DATA FOR THIS TASK:
== Segment start ==
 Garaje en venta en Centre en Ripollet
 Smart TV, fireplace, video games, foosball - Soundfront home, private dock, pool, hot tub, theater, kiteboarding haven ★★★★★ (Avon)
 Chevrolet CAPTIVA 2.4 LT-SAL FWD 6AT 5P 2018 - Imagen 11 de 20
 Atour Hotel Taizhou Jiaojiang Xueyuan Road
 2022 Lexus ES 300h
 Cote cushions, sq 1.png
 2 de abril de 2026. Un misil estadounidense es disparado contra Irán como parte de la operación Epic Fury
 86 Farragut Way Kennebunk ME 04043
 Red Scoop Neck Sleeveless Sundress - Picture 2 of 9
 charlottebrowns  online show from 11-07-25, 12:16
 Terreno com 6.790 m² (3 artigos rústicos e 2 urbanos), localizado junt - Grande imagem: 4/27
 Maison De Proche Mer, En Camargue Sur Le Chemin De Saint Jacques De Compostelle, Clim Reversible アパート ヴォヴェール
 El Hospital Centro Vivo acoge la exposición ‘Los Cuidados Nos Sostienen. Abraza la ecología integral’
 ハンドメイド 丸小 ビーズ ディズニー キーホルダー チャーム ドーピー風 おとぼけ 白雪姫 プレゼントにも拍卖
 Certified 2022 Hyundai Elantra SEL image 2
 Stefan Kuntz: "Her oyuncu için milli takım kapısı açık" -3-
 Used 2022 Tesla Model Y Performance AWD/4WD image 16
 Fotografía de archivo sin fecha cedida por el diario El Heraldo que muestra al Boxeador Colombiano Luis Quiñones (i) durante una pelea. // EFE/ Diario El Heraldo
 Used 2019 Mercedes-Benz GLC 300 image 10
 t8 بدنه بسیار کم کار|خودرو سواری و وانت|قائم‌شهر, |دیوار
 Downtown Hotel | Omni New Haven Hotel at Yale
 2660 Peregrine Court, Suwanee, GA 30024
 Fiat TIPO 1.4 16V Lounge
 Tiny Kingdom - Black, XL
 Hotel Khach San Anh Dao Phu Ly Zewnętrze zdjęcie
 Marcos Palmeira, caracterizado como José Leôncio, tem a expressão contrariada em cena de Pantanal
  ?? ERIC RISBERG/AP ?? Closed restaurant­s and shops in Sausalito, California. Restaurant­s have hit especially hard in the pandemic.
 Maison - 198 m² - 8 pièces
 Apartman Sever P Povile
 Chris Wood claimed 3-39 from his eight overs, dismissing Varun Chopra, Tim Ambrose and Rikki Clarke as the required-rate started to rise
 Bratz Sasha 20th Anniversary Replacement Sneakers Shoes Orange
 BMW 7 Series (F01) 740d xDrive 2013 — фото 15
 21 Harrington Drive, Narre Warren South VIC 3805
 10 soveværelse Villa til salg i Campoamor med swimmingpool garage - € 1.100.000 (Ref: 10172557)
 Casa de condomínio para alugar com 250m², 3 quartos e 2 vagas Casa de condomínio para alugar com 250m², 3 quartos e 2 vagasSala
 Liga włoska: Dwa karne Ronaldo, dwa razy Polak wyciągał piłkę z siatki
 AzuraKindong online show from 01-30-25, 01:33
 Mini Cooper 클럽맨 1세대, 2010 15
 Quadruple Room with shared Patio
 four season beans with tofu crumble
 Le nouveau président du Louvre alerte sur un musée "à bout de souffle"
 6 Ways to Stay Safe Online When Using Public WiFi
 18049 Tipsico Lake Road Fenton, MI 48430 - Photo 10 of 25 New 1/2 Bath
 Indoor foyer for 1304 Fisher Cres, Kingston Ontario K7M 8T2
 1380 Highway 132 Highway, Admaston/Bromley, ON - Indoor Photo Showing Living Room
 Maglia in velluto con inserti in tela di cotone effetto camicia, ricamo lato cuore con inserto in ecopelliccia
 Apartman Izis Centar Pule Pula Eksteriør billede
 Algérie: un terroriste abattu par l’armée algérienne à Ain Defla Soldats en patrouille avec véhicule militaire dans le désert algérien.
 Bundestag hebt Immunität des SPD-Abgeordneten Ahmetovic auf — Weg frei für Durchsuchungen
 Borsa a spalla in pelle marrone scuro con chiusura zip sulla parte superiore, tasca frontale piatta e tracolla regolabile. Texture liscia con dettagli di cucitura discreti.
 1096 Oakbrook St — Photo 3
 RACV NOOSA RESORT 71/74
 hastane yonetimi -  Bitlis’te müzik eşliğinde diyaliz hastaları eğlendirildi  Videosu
== Segment end ==
Reproduce the entries exactly, starting at their first line and stopping after the line with "El Hospital Centro".

 Garaje en venta en Centre en Ripollet
 Smart TV, fireplace, video games, foosball - Soundfront home, private dock, pool, hot tub, theater, kiteboarding haven ★★★★★ (Avon)
 Chevrolet CAPTIVA 2.4 LT-SAL FWD 6AT 5P 2018 - Imagen 11 de 20
 Atour Hotel Taizhou Jiaojiang Xueyuan Road
 2022 Lexus ES 300h
 Cote cushions, sq 1.png
 2 de abril de 2026. Un misil estadounidense es disparado contra Irán como parte de la operación Epic Fury
 86 Farragut Way Kennebunk ME 04043
 Red Scoop Neck Sleeveless Sundress - Picture 2 of 9
 charlottebrowns  online show from 11-07-25, 12:16
 Terreno com 6.790 m² (3 artigos rústicos e 2 urbanos), localizado junt - Grande imagem: 4/27
 Maison De Proche Mer, En Camargue Sur Le Chemin De Saint Jacques De Compostelle, Clim Reversible アパート ヴォヴェール
 El Hospital Centro Vivo acoge la exposición ‘Los Cuidados Nos Sostienen. Abraza la ecología integral’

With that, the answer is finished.